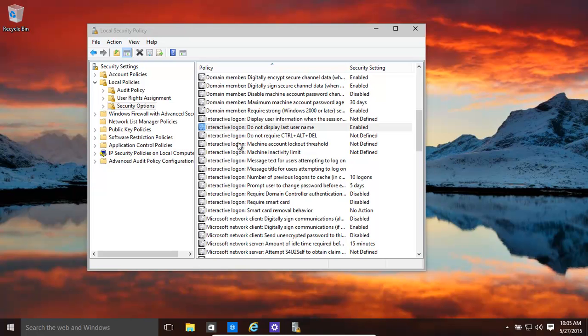Now this is actually a security issue, because if someone walks into the office and sees the logon screen with the last user's name, they've at least got halfway there. They've got a username that they can use to try and break into the system.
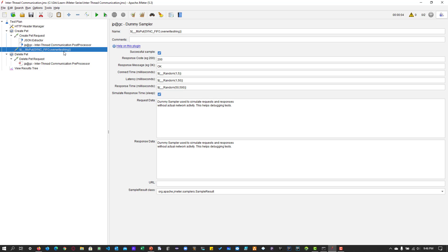This inter-thread communication plugin is very helpful in cases where you want to pass values between thread groups — it will definitely come in handy. That's it from my side. If you have any questions, please let me know in the comments and feel free to join the QA Insights community. Thanks for watching, have a good day.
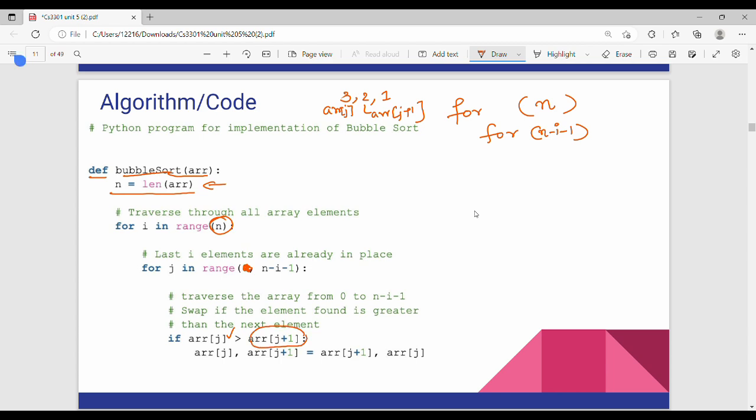So if array[j] is greater than array[j+1], we swap. Swap in Python is simple: array[j], array[j+1] = array[j+1], array[j]. Friends, the code is finished.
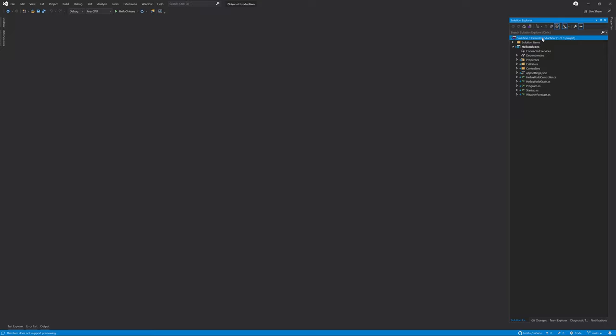As we build out our applications, we often have a requirement to build something that will be invoked either on a schedule or after a specific amount of time. Microsoft Orleans has two options for this that have some subtle differences: timers and reminders.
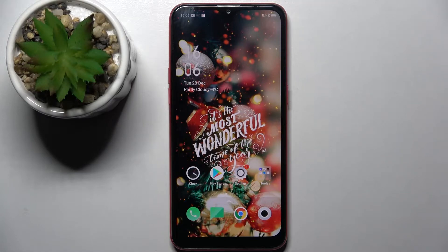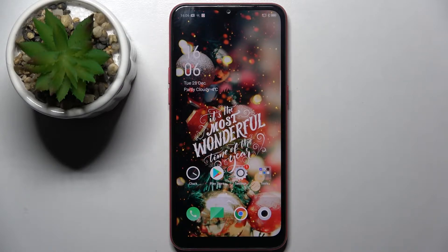Hi! In front of me is the Oppo A1K and today I would like to show you how you can block app notifications on this smartphone.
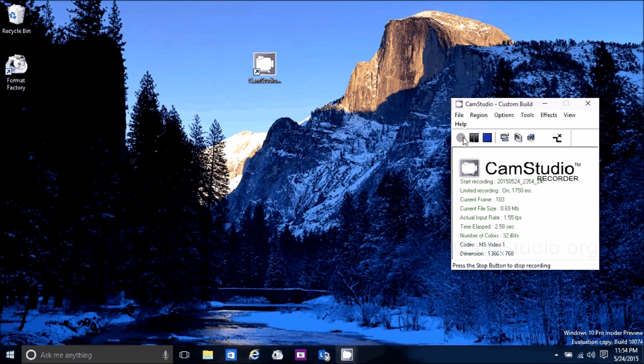This is Donna. I've loaded Windows 10 on an old laptop. I'm going to give you a quick overview to get you up and running as quickly as possible.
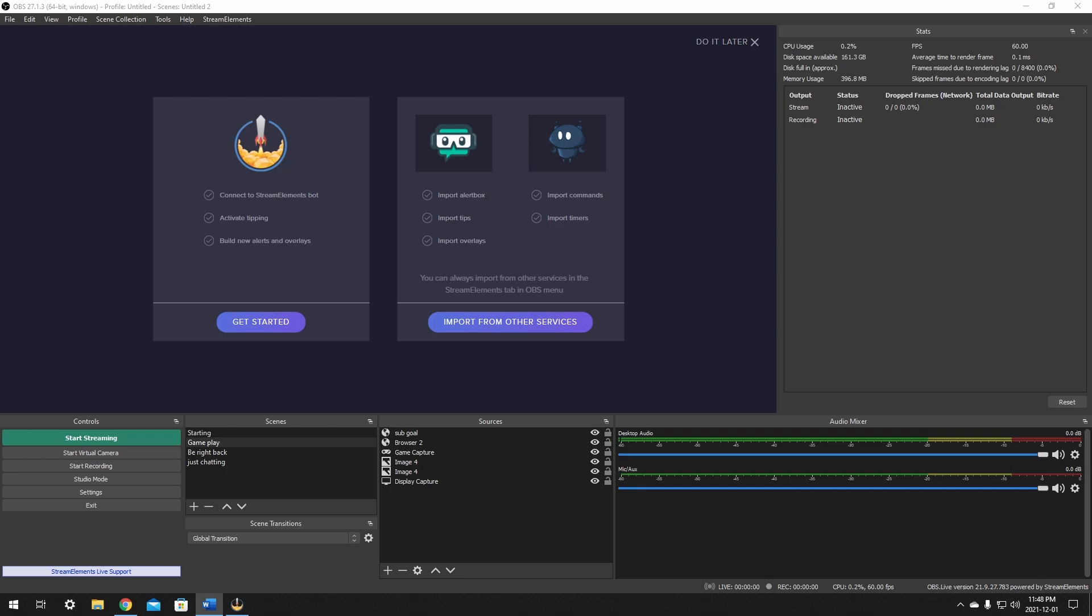Okay, after you log in with your Twitch, it should now prompt you with get started with your connect to StreamElements bot, activate tipping, and build new alerts or overlays. It will also have other options to import from Nightbot and StreamElements as well.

== == ==

→ PROBLEM DESCRIPTION
The answer must be an exact copy of the records, with no pictures in it.

→ TASK ANSWER
Now this is actually a security issue, because if someone walks into the office and sees the logon screen with the last user's name, they've at least got halfway there. They've got a username that they can use to try and break into the system.
This inter-thread communication plugin is very helpful in cases where you want to pass values between thread groups — it will definitely come in handy. That's it from my side. If you have any questions, please let me know in the comments and feel free to join the QA Insights community. Thanks for watching, have a good day.
So if array[j] is greater than array[j+1], we swap. Swap in Python is simple: array[j], array[j+1] = array[j+1], array[j]. Friends, the code is finished.
As we build out our applications, we often have a requirement to build something that will be invoked either on a schedule or after a specific amount of time. Microsoft Orleans has two options for this that have some subtle differences: timers and reminders.
Hi! In front of me is the Oppo A1K and today I would like to show you how you can block app notifications on this smartphone.
This is Donna. I've loaded Windows 10 on an old laptop. I'm going to give you a quick overview to get you up and running as quickly as possible.
Okay, after you log in with your Twitch, it should now prompt you with get started with your connect to StreamElements bot, activate tipping, and build new alerts or overlays. It will also have other options to import from Nightbot and StreamElements as well.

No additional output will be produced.